An ongoing challenge in drug delivery systems for a variety of medical applications, including cardiovascular diseases, is the delivery of multiple drugs to address numerous phases of a treatment or healing process. Therefore, an extended dual drug delivery system (DDDS) based on our previously reported cardiac DDDS was generated. Here we use the polymer poly(L-lactide) (PLLA) as drug carrier with the cytostatic drug Paclitaxel (PTX) and the endothelial cell proliferation enhancing growth factor, human vascular endothelial growth factor (VEGF), to overcome typical in-stent restenosis complications. We succeeded in using one solution to generate two separate DDDS via spray coating (film) and electrospinning (nonwoven) with the same content of PTX and the same post processing for VEGF immobilisation. Both processes are suitable as coating techniques for implants. The contact angle analysis revealed differences between films and nonwovens. Whereas, the morphological analysis demonstrated nearly no changes occurred after immobilisation of both drugs. Glass transition temperatures (T_g ) and degree of crystallinity (χ) show only minor changes. The amount of immobilised VEGF on nonwovens was over 300% higher compared to the films. Also, the nonwovens revealed a much faster and over three times higher PTX release over 70 d compared to the films. The almost equal physical properties of nonwovens and films allow the comparison of both DDDS independently of their fabrication process. Both films and nonwovens have significantly increased in vitro cell viability for human umbilical vein endothelial cells (EA.hy926) with dual loaded PTX and VEGF compared to PTX-only loaded samples.

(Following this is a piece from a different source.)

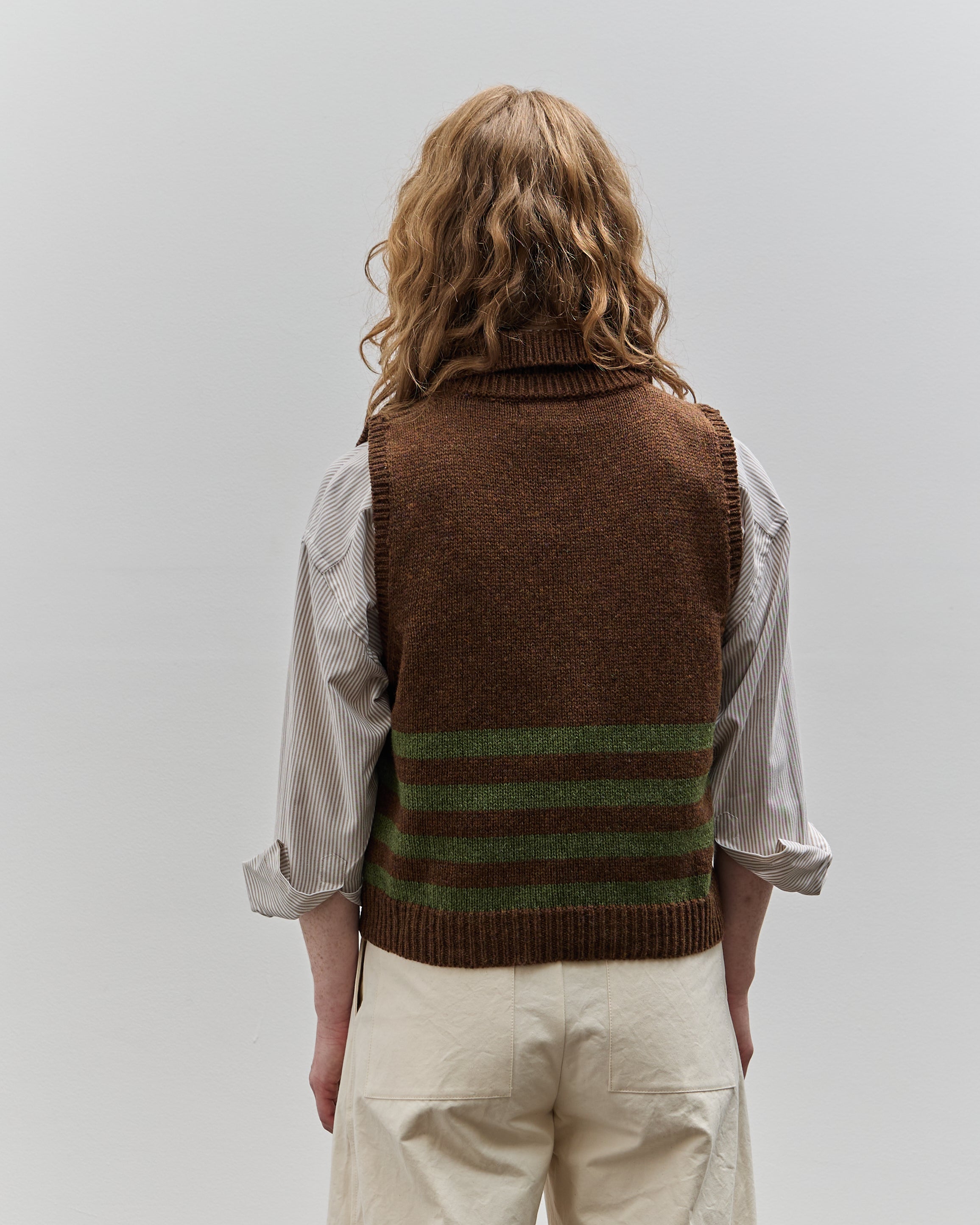 Cawley Lambswool Violet Vest, Dark Apple/Tobacco – Glasswing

用于各种医疗应用（包括心血管疾病）的药物输送系统面临的一个持续挑战是输送多种药物以解决治疗或愈合过程的多个阶段。因此，生成了基于我们先前报道的心脏 DDDS 的扩展双药物输送系统 (DDDS)。在这里，我们使用聚合物聚（L-丙交酯）（PLLA）作为药物载体与细胞抑制药物紫杉醇（PTX）和内皮细胞增殖促进生长因子，人血管内皮生长因子（VEGF），以克服典型的支架内再狭窄并发症。我们成功地使用一种解决方案通过喷涂（薄膜）和静电纺丝（非织造布）产生了两个单独的 DDDS，具有相同的 PTX 含量和相同的 VEGF 固定后处理。这两种工艺都适合作为植入物的涂层技术。接触角分析揭示了薄膜和非织造布之间的差异。然而，形态分析表明两种药物固定后几乎没有发生变化。玻璃化转变温度 (T _g ) 和结晶度 (χ) 仅显示很小的变化。与薄膜相比，非织造布上固定化 VEGF 的量高出 300% 以上。此外，与薄膜相比，非织造布在 70 天内的 PTX 释放速度更快，PTX 释放速度高出三倍以上。无纺布和薄膜的物理性能几乎相同，因此可以独立于它们的制造工艺对两种 DDDS 进行比较。与仅加载 PTX 的样品相比，薄膜和非织造布均显着提高了双加载 PTX 和 VEGF 的人脐静脉内皮细胞 (EA.hy926) 的体外细胞活力。